REPUBLIKA.CO.ID, Di masa perang atau konflik bersenjata banyak negara menggunakan senjata ekonomi untuk menekan lawan. 

Antara lain dengan melakukan aksi boikot tidak menjual dan atau membeli barang negara atau pihak yang diboikot. 

Baca Juga

Tentu saja, dalam situasi konflik upaya melumpuhkan musuh dapat dibenarkan secara logika.  

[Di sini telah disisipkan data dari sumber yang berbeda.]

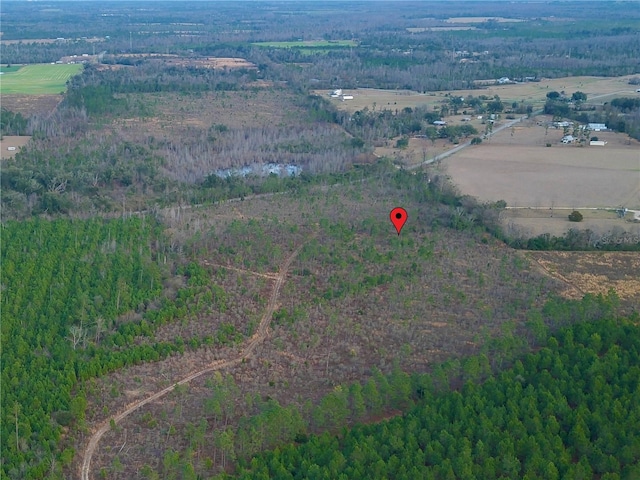 Bethlehem Rd, Cottondale, FL 32431 - photo 8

Dalam kitab-kitab fiqih para ulama membahas hukum berdagang dengan pihak musuh. Mayoritas ulama membolehkan kecuali senjata atau lainnya yang dapat disalahgunakan untuk menyerang balik. Pada dasarnya, hukum boikot diperbolehkan dalam agama.

Tetapi hukumnya bisa beragam, tergantung sejauh mana pengaruh dan efektivitasnya. Bila berdampak membahayakan dan merugikan kaum Muslim maka hukumnya bisa menjadi makruh bahkan haram.  Tetapi bila memberi pengaruh besar melemahkan negara atau pihak yang menyerang maka hukumnya bisa menjadi wajib atau dibolehkan. 

Argumen aksi boikot bisa ditemukan dalam Alquran dan sunnah, antara lain yang pertama firman Allah:

‎ فَاِذَا انْسَلَخَ الْاَشْهُرُ الْحُرُمُ فَاقْتُلُوا الْمُشْرِكِيْنَ حَيْثُ وَجَدْتُّمُوْهُمْ وَخُذُوْهُمْ وَاحْصُرُوْهُمْ وَاقْعُدُوْا لَهُمْ كُلَّ مَرْصَدٍۚ 

Apabila telah habis bulan-bulan haram, maka perangilah orang-orang musyrik di mana saja kamu temui, tangkaplah dan kepunglah mereka, dan awasilah di tempat pengintaian ….” (QS at-Taubah: 5).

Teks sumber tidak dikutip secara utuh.